Another media company cyber-attack. Another opportunity to increase the amount of ransom and extortion attacks perpetrated by cyber-criminals.
The disclosure of 1.5 terabytes of data stolen from the HBO servers is being compared to the Sony hack of 2014. While there are similarities – personal information taken and released along with the threat of content (Game of Thrones, Ballers, Insecure, Room 104 and perhaps more) – it is important to recognize that the HBO situation did NOT involve the destruction of data and did NOT create a situation where HBO had any of its servers erased. While the information stolen from HBO is seven times the size of what was stolen from Sony, there was no impact upon processing.

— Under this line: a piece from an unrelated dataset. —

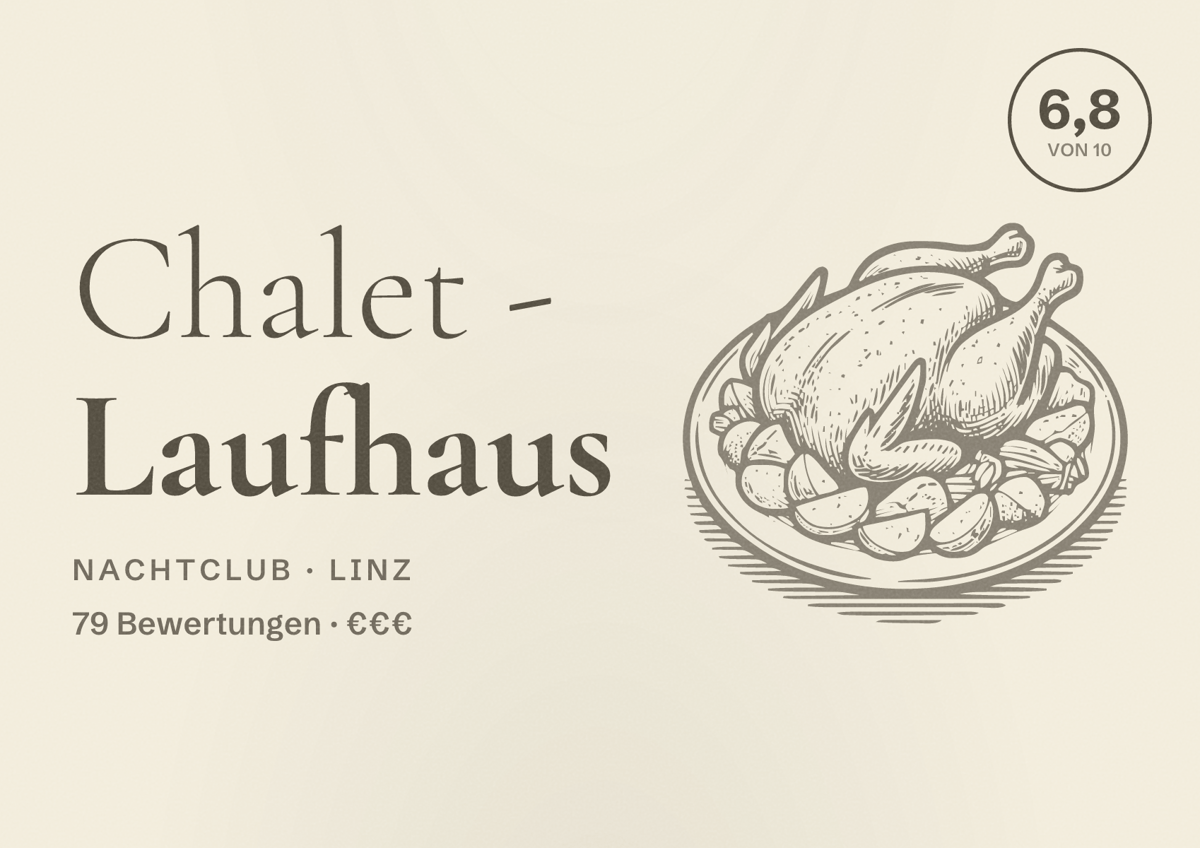 Illustriertes Poster von Chalet - Laufhaus, Nachtclub in Linz: Bewertung 6,8 von 10 aus 79 Bewertungen, Preisniveau €€€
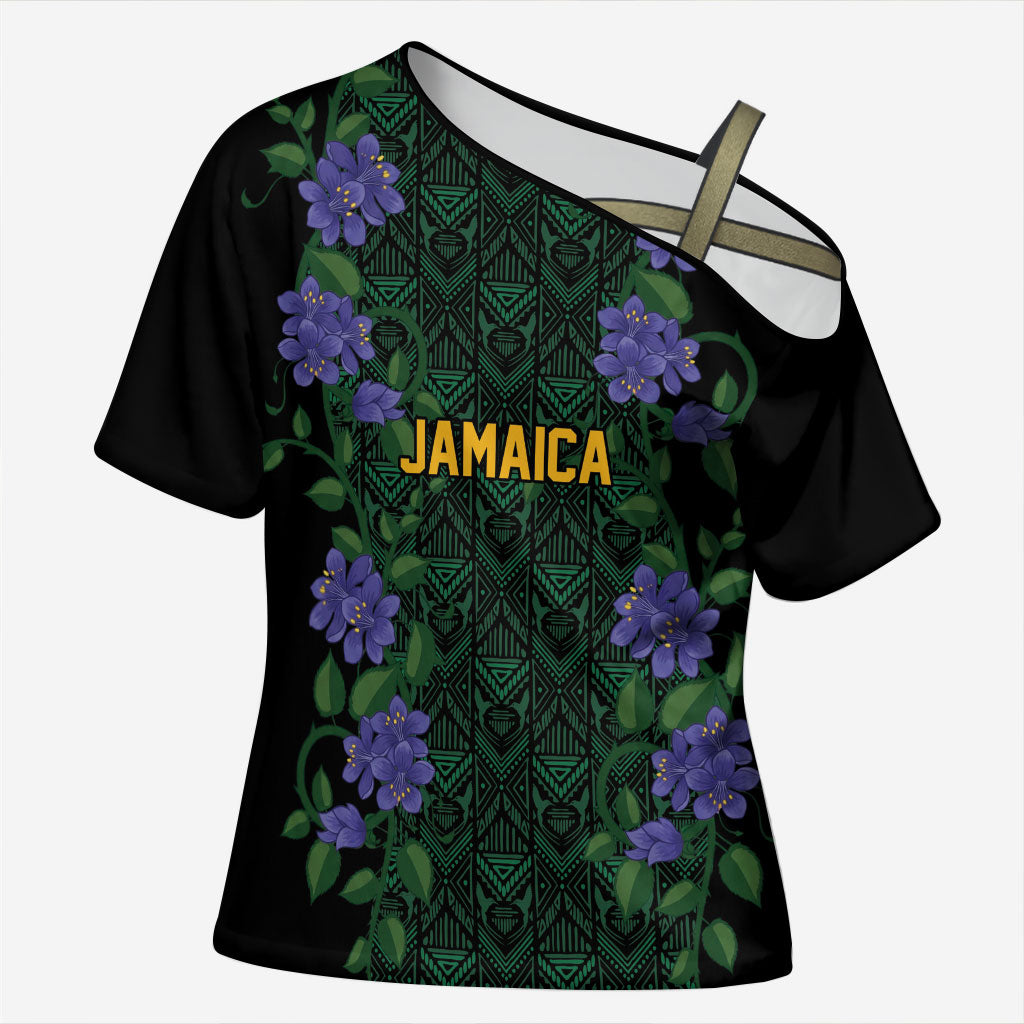 Custom Women’s Cricket Jamaica Floral Series Cross Shoulder Shirt Lignum Vitae Hummingbirds Geometric Ethnic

Compare this to April 2017, when Netflix revealed a similar theft of materials (Orange is the New Black). The hackers then claimed to have stolen materials from ABC, Fox, National Geographic and IFC. The theft from Netflix actually was the result of penetrating a vendor, post-production company Larson Studios, which highlighted that a weakness in an organizations supply chain can result in the same degree of damage had the incident occurred at the organization’s site itself.
While it will take weeks and maybe months to see what the cyber-criminals do with the information and what the damage will eventually be, compared to the $300 million loss claimed by Sony, the HBO hack again highlights the issue of confidentiality and lack of safeguards that currently exist. What is clear is that stronger measures must be taken.